── Recorded information
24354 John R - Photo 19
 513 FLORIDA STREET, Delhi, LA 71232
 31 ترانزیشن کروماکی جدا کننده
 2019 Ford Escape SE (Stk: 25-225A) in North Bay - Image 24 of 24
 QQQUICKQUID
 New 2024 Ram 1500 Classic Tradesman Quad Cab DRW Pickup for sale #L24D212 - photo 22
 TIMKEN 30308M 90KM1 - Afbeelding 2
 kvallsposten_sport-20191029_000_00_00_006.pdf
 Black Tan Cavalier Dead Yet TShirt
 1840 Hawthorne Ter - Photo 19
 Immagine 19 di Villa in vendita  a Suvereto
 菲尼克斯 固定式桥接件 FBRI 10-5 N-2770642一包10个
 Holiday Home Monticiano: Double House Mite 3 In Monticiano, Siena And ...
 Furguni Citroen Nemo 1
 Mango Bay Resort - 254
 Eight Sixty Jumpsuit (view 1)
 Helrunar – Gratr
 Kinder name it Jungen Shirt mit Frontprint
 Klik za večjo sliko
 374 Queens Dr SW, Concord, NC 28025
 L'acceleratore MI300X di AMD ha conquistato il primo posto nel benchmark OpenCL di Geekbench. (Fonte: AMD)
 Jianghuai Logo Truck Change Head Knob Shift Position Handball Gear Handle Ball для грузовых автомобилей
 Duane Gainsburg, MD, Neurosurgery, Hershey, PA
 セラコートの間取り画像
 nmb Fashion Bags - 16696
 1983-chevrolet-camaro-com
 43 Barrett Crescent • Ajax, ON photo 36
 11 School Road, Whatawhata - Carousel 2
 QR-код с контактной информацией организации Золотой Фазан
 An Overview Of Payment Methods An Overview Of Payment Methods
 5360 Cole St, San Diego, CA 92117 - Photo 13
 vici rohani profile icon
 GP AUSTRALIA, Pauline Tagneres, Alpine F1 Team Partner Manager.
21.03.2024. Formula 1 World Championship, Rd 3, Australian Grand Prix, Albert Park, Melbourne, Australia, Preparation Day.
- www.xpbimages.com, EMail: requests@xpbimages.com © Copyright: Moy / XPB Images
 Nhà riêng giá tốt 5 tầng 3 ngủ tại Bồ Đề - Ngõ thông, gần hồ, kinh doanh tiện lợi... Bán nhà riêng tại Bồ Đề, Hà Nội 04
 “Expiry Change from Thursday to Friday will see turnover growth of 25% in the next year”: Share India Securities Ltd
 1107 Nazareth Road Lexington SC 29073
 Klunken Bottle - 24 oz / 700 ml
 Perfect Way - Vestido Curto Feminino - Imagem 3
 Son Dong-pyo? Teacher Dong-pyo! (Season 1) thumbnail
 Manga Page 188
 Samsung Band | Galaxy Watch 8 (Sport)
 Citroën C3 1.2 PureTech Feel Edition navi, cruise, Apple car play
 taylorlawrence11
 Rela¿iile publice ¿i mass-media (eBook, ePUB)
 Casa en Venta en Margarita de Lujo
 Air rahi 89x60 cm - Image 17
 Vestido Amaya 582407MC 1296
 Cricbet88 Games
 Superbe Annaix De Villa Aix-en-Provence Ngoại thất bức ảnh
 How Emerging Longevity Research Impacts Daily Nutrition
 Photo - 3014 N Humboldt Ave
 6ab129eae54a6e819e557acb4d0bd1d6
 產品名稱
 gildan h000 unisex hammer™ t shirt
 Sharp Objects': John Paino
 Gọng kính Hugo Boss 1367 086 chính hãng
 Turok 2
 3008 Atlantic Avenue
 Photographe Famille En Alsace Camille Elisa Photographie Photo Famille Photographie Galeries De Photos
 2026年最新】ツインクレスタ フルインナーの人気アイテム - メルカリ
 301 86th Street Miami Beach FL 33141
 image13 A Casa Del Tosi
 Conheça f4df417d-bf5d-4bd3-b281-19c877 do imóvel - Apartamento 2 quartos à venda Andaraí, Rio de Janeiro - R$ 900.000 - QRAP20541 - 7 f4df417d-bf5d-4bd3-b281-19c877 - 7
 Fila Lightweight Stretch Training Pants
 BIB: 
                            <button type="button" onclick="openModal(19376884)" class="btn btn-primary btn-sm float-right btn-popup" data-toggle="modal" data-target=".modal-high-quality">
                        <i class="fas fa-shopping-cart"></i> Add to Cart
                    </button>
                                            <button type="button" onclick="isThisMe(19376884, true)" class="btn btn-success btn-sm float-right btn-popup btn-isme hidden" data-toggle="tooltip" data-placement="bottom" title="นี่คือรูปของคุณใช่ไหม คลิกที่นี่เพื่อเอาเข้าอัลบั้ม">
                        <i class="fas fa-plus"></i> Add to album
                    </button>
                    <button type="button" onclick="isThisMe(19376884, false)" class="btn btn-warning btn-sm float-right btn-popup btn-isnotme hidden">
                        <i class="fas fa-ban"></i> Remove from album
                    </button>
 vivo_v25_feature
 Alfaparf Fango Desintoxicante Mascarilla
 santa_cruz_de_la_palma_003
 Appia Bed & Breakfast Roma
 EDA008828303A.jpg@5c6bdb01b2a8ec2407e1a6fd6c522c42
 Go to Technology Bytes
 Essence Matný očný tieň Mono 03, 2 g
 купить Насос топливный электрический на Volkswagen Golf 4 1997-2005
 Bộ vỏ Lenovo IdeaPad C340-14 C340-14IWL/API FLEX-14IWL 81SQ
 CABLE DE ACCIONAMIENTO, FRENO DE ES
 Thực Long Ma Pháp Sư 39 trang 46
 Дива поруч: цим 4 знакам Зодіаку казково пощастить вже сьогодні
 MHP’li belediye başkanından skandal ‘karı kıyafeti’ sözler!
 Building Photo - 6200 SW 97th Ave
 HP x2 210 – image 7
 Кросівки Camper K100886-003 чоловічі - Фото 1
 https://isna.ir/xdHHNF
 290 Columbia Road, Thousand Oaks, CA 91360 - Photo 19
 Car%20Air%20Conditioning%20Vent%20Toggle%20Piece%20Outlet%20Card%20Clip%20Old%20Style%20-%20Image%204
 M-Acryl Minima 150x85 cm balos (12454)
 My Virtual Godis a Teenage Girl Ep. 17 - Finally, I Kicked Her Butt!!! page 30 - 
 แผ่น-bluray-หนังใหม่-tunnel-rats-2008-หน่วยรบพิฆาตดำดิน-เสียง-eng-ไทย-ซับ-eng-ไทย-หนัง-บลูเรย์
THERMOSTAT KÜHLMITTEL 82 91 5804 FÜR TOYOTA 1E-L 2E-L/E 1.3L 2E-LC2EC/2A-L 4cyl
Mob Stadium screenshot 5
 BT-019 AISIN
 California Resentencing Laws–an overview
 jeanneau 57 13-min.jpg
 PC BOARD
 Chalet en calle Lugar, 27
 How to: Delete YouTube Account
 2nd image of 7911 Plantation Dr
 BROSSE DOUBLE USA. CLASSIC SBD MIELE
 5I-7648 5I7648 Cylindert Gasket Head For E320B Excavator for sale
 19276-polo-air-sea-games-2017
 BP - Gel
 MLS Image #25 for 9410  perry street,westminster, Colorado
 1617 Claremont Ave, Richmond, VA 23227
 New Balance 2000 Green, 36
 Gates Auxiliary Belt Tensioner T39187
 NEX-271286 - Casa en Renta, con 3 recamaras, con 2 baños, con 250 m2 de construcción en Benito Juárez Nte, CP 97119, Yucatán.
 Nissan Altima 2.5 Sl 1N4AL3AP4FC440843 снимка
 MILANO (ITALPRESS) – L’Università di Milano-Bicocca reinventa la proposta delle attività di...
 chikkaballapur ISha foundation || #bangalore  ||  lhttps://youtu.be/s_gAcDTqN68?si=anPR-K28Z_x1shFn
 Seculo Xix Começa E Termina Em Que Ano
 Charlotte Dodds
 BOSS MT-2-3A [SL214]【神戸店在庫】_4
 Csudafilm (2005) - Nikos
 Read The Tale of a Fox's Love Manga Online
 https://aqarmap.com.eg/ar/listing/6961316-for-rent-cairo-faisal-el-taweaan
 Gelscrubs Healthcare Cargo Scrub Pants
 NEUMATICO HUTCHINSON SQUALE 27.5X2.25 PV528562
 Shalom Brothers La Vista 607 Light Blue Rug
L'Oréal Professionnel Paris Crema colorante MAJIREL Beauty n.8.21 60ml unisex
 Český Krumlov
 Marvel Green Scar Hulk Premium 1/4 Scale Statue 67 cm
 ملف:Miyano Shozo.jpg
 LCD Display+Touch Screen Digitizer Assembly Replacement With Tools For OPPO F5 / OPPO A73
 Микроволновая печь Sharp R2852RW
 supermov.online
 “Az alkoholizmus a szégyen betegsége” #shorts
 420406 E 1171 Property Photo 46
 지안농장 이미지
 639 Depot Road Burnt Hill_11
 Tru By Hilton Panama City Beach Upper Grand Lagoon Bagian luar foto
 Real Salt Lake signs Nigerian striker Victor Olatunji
────
Instructions to follow = Within the listing, how many lines include the string "album"? Supply the number and no further words.

Solution to this problem = 2